* Task prompt *
Within the records below, find the line with "Used Mercedes-Benz R-Class" and the line with "Used 2019 Toyota", then reproduce exactly those two lines and all lines between them, without any picture.

*** Opening Exercise material ***

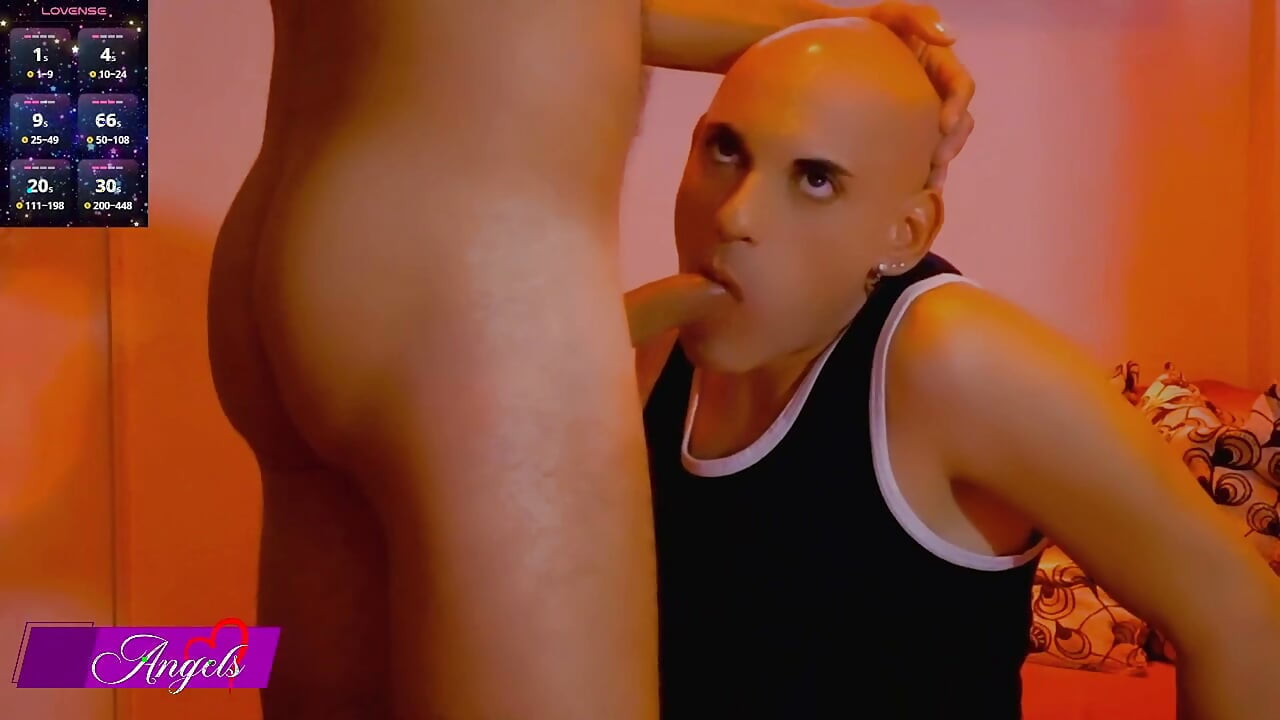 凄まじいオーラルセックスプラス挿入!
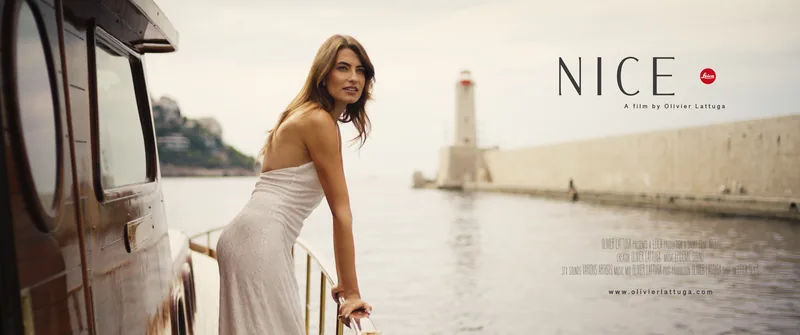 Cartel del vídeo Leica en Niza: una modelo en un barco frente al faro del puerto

*** Closing Exercise material ***
*** Opening Exercise material ***

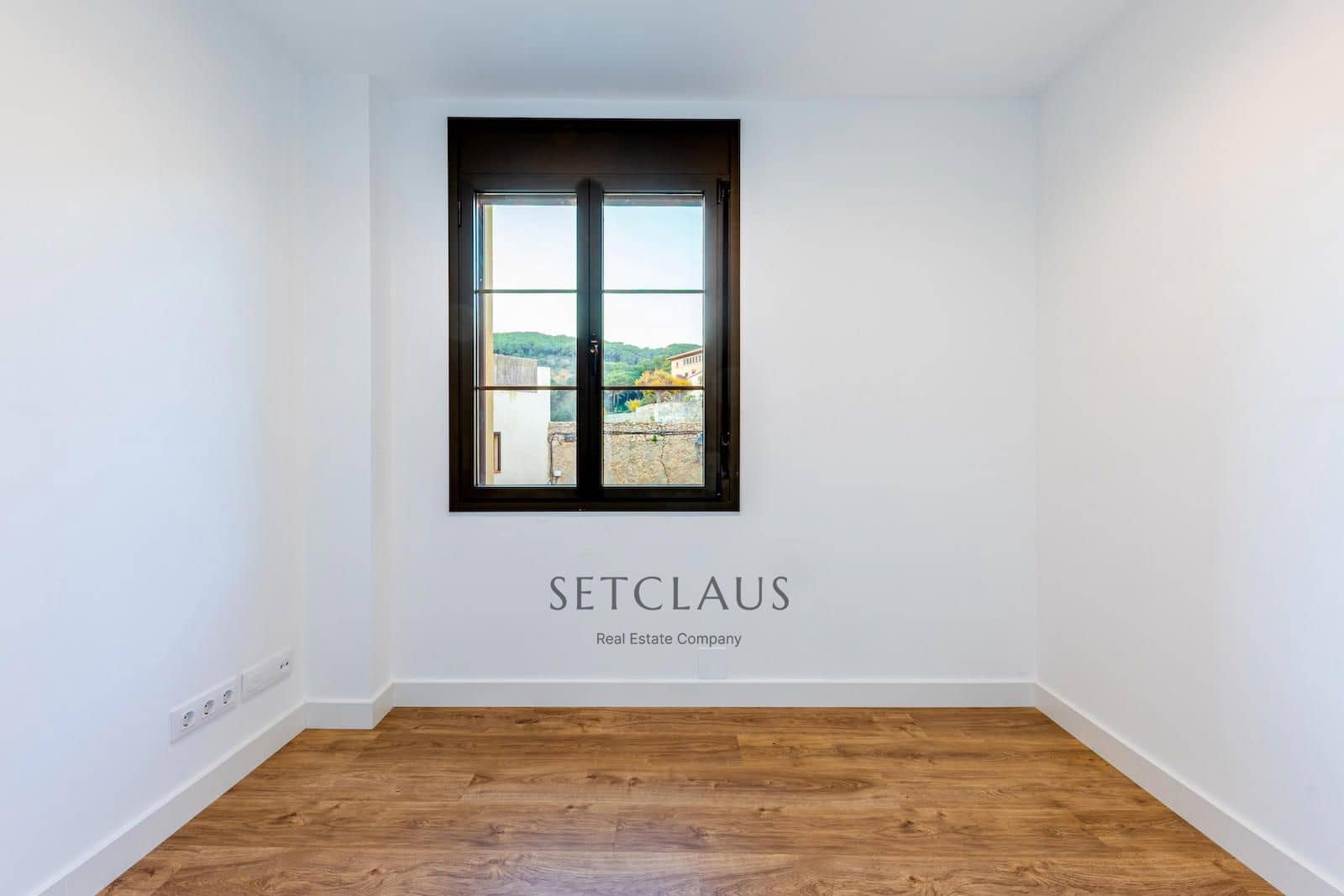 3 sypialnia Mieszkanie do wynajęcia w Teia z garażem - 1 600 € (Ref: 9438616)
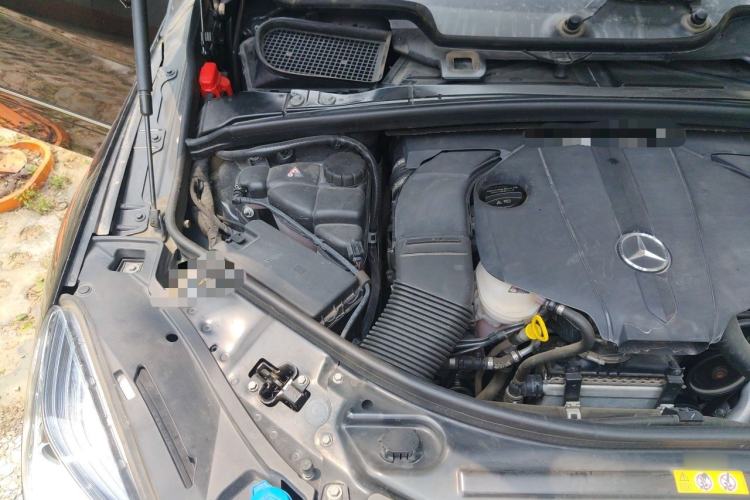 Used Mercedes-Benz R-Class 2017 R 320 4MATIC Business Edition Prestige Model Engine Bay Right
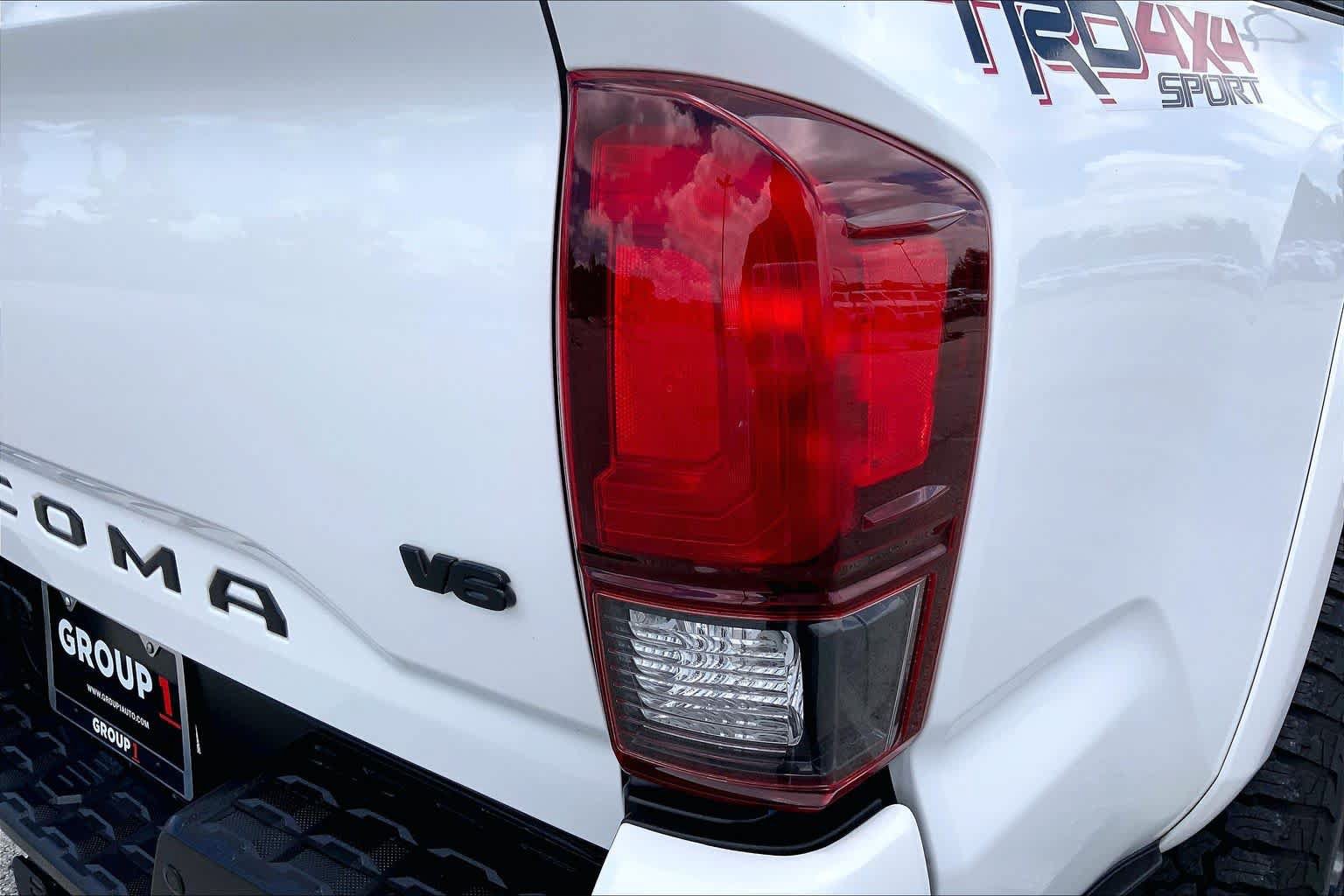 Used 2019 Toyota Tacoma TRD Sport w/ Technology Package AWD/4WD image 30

*** Closing Exercise material ***

* Solution below *
 Used Mercedes-Benz R-Class 2017 R 320 4MATIC Business Edition Prestige Model Engine Bay Right
 Used 2019 Toyota Tacoma TRD Sport w/ Technology Package AWD/4WD image 30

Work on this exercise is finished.